Monday, January 9, 2012


Our congregation has a traditional "Decades Service" early in January each year. Speakers in their teens, 20s (if available), 30s, 40s, 50s, 60s, and 70s respond to Mary Oliver's poem, The Summer Day (see below) by revealing their plans for the rest of their lives. 

I have always enjoyed learning from service participants -- but never wanted to be one. This year, I was asked. Not only did I have to speak, I had to reveal my age to everyone. I did it. To find out my age -- and what I said, you will have to read my next blog.

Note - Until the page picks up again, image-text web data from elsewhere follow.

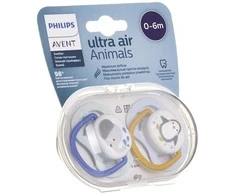 Philips AVENT 0-6 mėn. silikoninis čiulptukas ULTRA AIR B, 2 vnt., SCF080/05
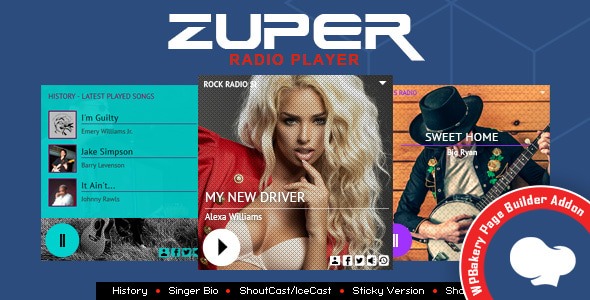 Zuper - Shoutcast and Icecast Radio Player With History - Elementor Widget Addon 2.5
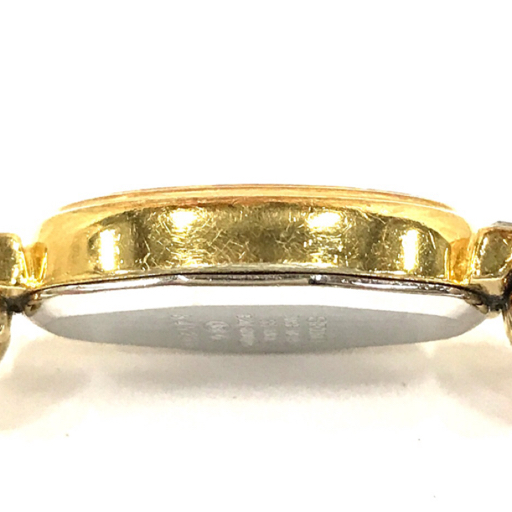 セイコー 腕時計 1E20-6190 オーバル型 白文字盤 ストーン ゴールドカラー金具 クォーツ レディース 純正ベルトの画像5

The Summer Day by Mary Oliver

Who made the world?
Who made the swan, and the black bear?
Who made the grasshopper?
This grasshopper, I mean-
the one who has flung herself out of the grass,
the one who is eating sugar out of my hand,
who is moving her jaws back and forth instead of up and down-
who is gazing around with her enormous and complicated eyes.
Now she lifts her pale forearms and thoroughly washes her face.
Now she snaps her wings open, and floats away.
I don't know exactly what a prayer is.
I do know how to pay attention, how to fall down
into the grass, how to kneel down in the grass,
how to be idle and blessed, how to stroll through the fields,
which is what I have been doing all day.
Tell me, what else should I have done?
Doesn't everything die at last, and too soon?
Tell me, what is it you plan to do
with your one wild and precious life?